**Data records**:
● ● ● ● ● ● ●

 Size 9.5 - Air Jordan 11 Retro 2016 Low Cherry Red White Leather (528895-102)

● ● ● ● ● ● ●

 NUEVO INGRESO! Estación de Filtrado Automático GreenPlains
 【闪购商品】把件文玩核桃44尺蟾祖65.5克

● ● ● ● ● ● ●

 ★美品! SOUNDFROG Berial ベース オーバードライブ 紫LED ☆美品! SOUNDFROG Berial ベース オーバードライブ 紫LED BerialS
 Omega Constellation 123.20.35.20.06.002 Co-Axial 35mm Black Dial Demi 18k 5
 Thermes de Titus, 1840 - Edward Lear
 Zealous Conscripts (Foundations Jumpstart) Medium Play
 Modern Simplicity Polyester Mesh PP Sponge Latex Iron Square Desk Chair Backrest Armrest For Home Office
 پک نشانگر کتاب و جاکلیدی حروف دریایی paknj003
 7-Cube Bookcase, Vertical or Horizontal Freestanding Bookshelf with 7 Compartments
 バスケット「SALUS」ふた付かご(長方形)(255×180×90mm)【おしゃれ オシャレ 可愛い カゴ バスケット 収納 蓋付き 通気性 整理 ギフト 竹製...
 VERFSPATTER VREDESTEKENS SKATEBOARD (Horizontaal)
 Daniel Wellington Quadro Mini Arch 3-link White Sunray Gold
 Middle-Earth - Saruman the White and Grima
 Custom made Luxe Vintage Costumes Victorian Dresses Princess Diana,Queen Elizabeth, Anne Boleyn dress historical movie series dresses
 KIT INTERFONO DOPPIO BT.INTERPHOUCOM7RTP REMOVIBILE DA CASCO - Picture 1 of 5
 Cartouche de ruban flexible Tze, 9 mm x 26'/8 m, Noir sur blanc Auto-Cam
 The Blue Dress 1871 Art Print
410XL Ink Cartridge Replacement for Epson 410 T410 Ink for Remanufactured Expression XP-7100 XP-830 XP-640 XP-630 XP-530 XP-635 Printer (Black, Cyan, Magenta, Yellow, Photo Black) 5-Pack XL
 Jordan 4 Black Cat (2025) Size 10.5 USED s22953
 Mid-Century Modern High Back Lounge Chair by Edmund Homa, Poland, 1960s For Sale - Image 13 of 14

● ● ● ● ● ● ●

**Brief**:
Look above for the line with "Zealous Conscripts (Foundations"; retype exactly that line, every line after it up to the line with "The Blue Dress 1871 Art Print", and that line too, nothing else.

**Solution to this task**:
 Zealous Conscripts (Foundations Jumpstart) Medium Play
 Modern Simplicity Polyester Mesh PP Sponge Latex Iron Square Desk Chair Backrest Armrest For Home Office
 پک نشانگر کتاب و جاکلیدی حروف دریایی paknj003
 7-Cube Bookcase, Vertical or Horizontal Freestanding Bookshelf with 7 Compartments
 バスケット「SALUS」ふた付かご(長方形)(255×180×90mm)【おしゃれ オシャレ 可愛い カゴ バスケット 収納 蓋付き 通気性 整理 ギフト 竹製...
 VERFSPATTER VREDESTEKENS SKATEBOARD (Horizontaal)
 Daniel Wellington Quadro Mini Arch 3-link White Sunray Gold
 Middle-Earth - Saruman the White and Grima
 Custom made Luxe Vintage Costumes Victorian Dresses Princess Diana,Queen Elizabeth, Anne Boleyn dress historical movie series dresses
 KIT INTERFONO DOPPIO BT.INTERPHOUCOM7RTP REMOVIBILE DA CASCO - Picture 1 of 5
 Cartouche de ruban flexible Tze, 9 mm x 26'/8 m, Noir sur blanc Auto-Cam
 The Blue Dress 1871 Art Print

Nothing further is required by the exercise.